> _Your goal_:
Take the lines below from the one with "44 (1180) Sound Road Property Photo 2" through the one with "一个粉红女孩在工作室里拿着一个巨大的糖果 — 图库照片" and retype them exactly. Include nothing else, and no pictures.

> _Records shown_:
^^^^
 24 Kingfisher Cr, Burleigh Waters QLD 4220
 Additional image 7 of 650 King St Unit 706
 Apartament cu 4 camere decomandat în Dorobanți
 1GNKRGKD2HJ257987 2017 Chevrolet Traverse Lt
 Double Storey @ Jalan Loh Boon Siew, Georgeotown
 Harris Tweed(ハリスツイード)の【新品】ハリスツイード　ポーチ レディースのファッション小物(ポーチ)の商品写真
^^^^
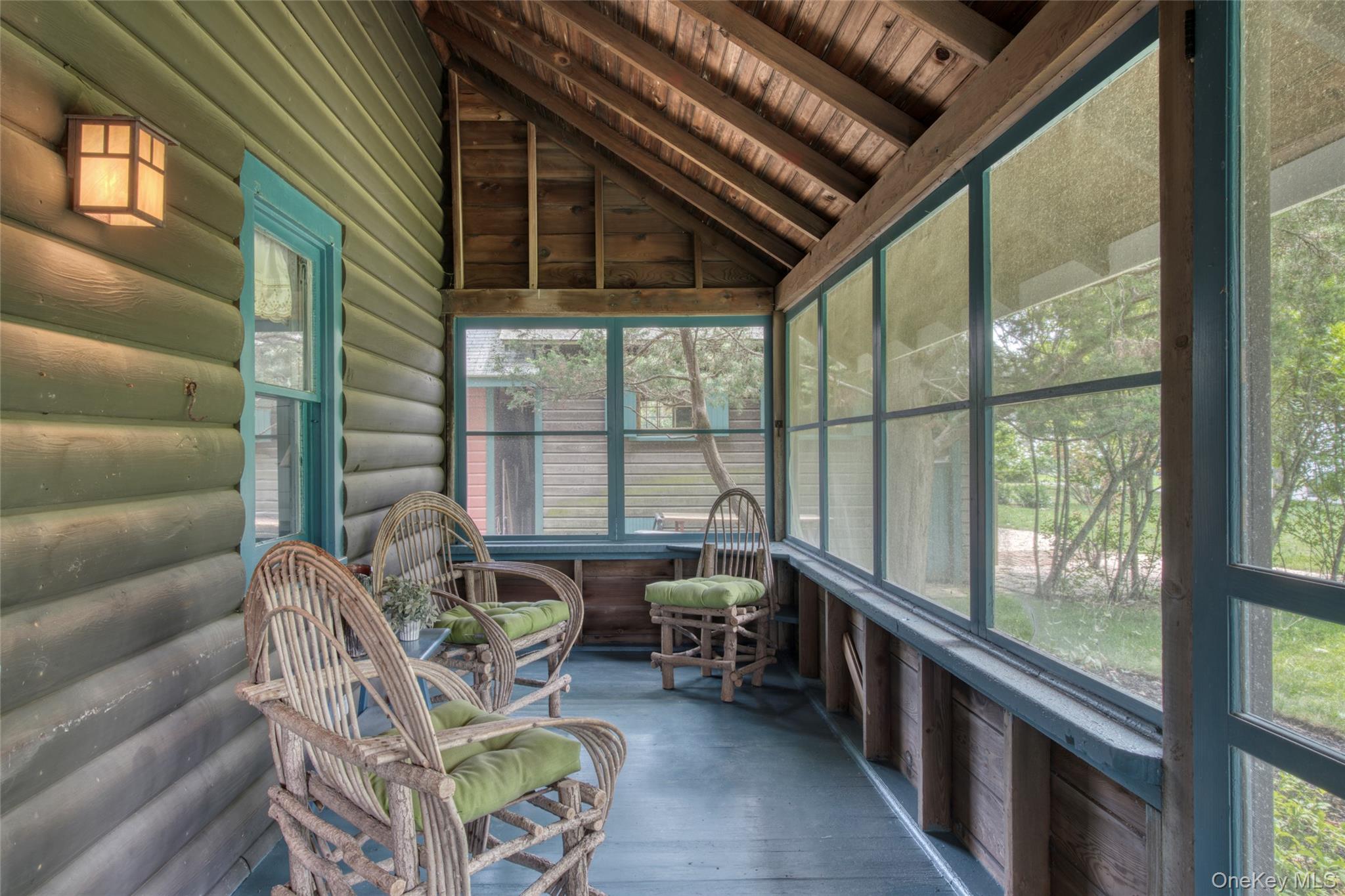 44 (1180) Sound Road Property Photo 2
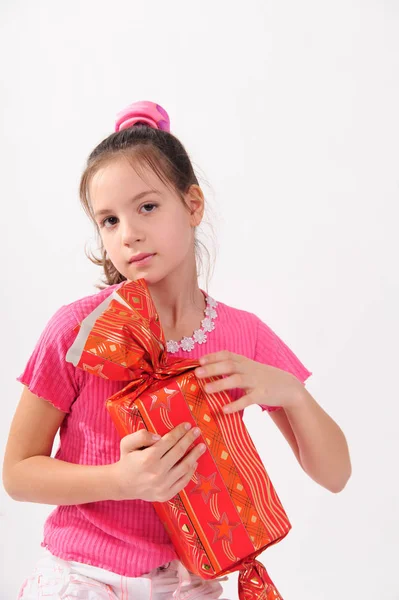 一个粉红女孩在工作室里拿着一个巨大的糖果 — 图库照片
^^^^
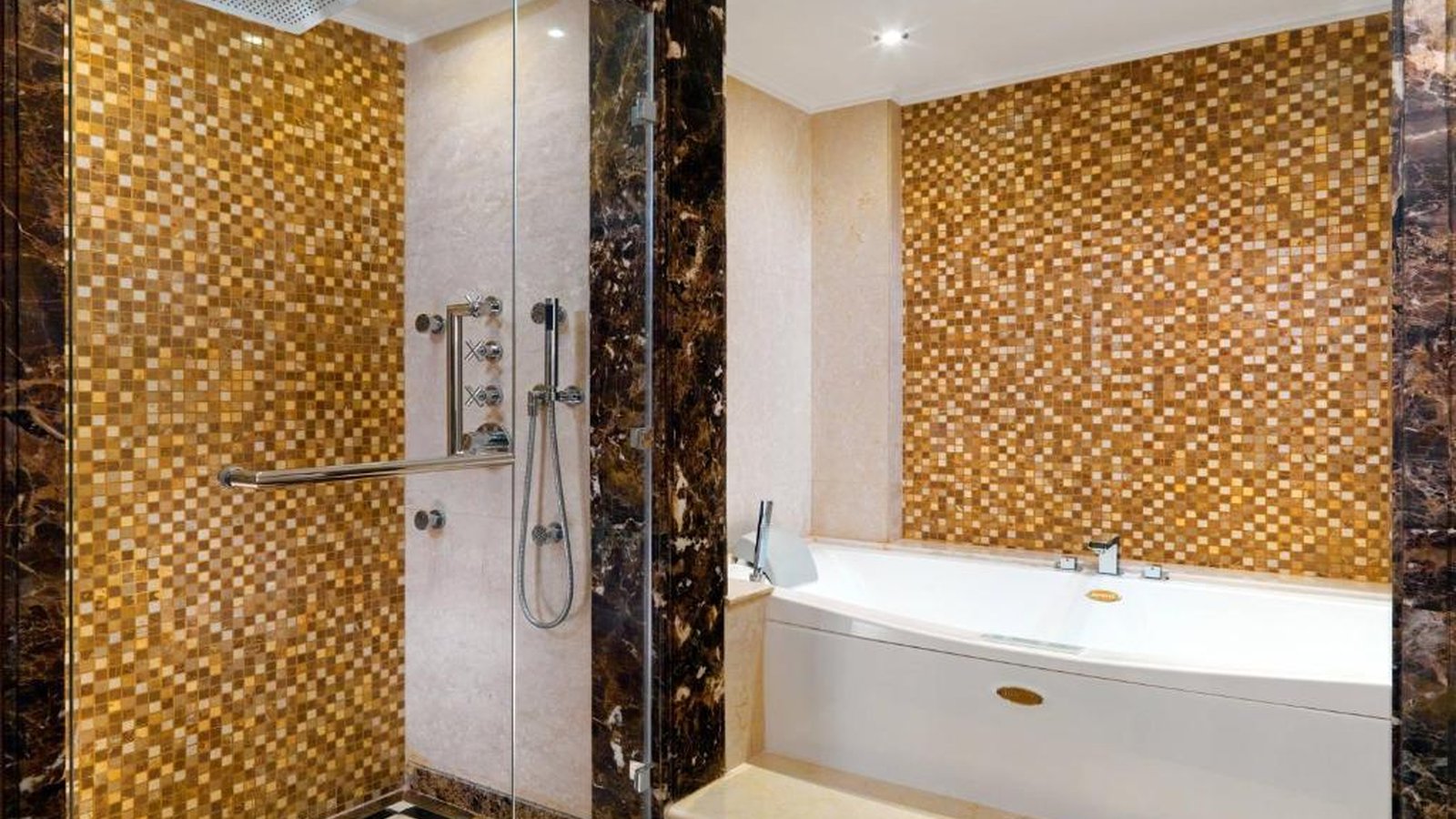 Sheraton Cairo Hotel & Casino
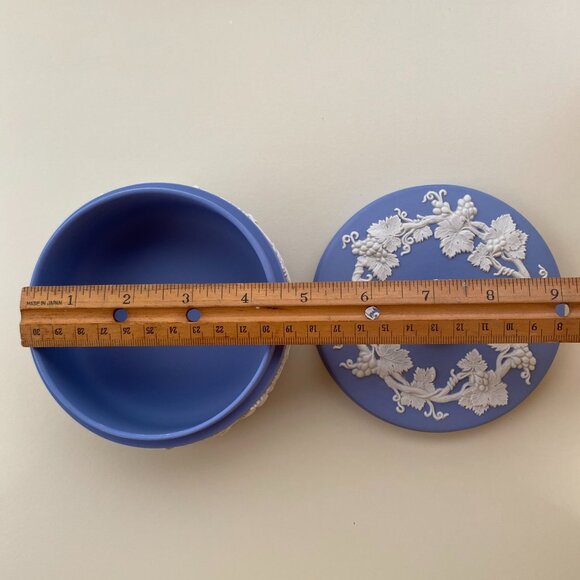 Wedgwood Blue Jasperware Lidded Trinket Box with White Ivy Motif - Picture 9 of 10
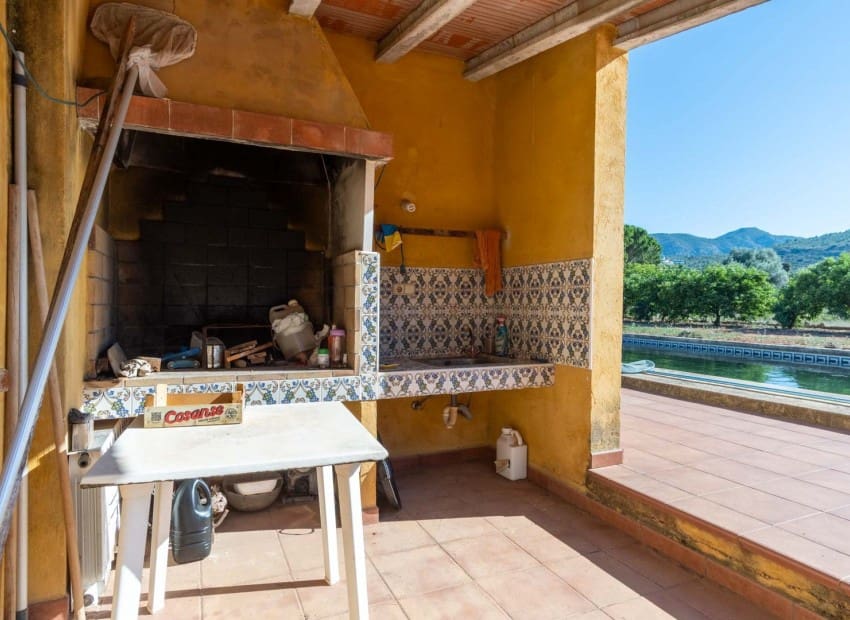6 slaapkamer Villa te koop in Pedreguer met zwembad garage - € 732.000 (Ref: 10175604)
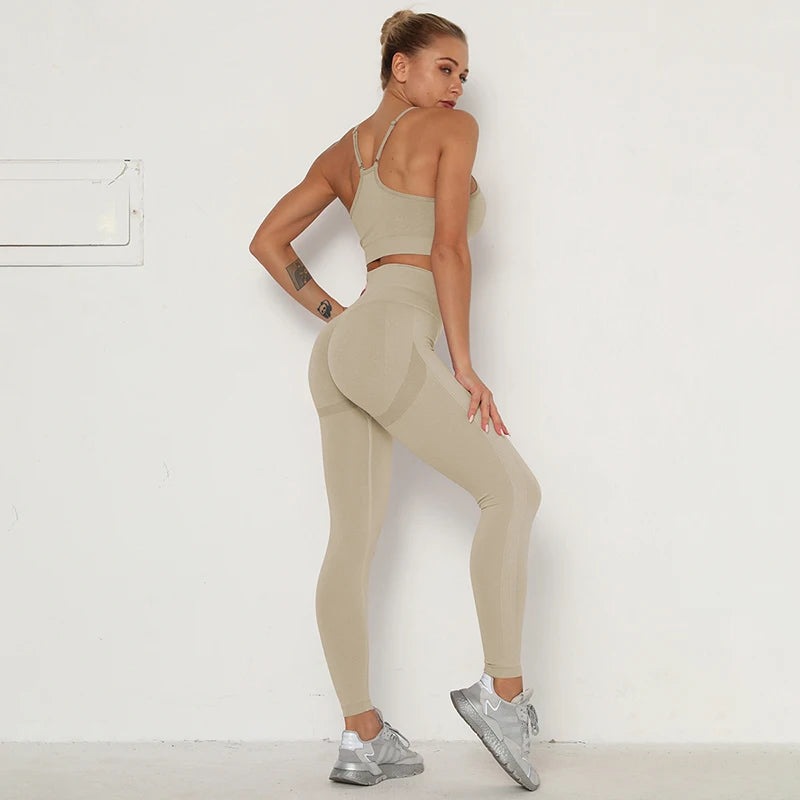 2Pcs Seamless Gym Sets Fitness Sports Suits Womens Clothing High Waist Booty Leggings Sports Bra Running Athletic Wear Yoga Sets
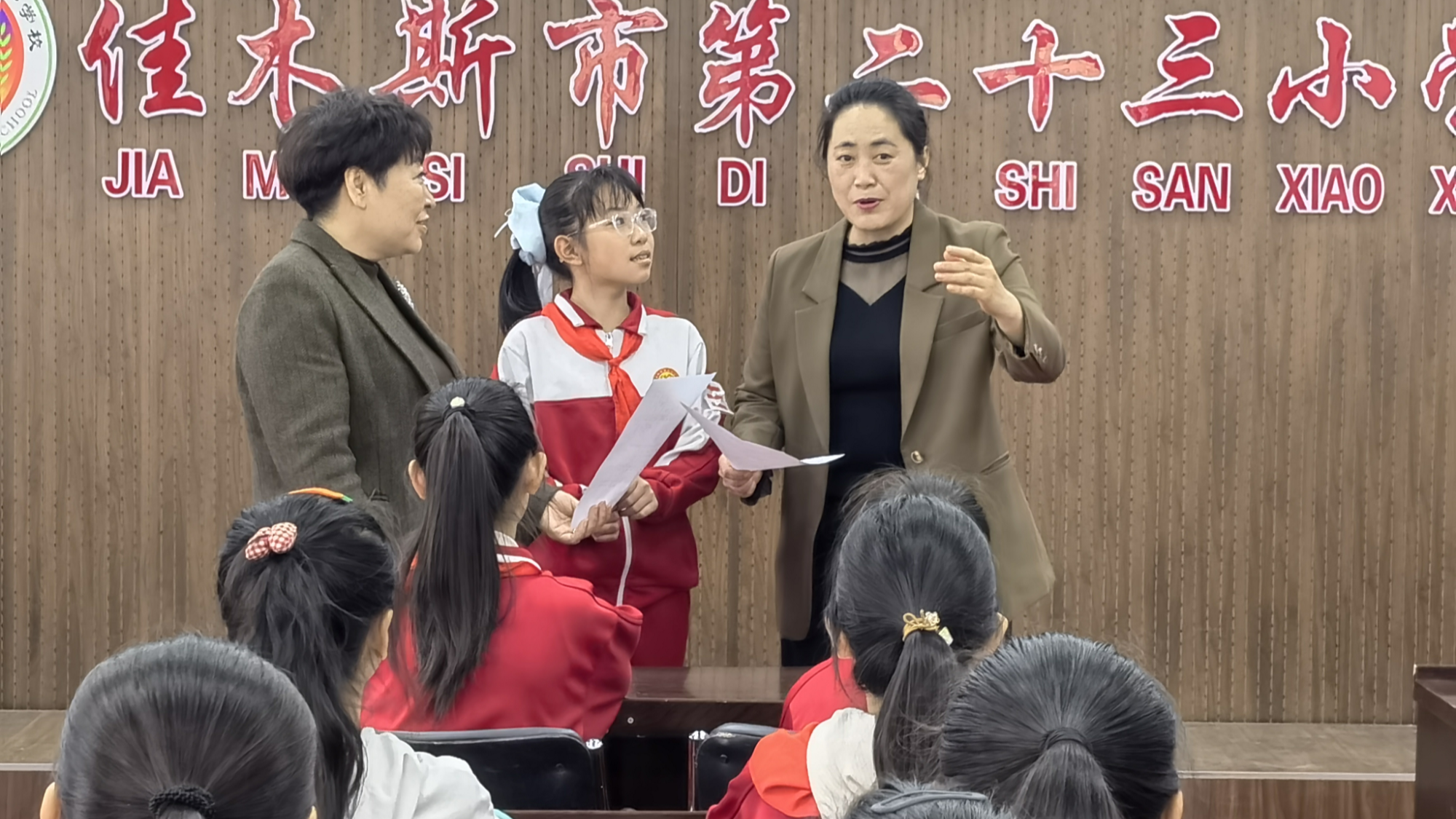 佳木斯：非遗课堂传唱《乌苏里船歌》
^^^^
> _Result of this exercise_:
 44 (1180) Sound Road Property Photo 2
 一个粉红女孩在工作室里拿着一个巨大的糖果 — 图库照片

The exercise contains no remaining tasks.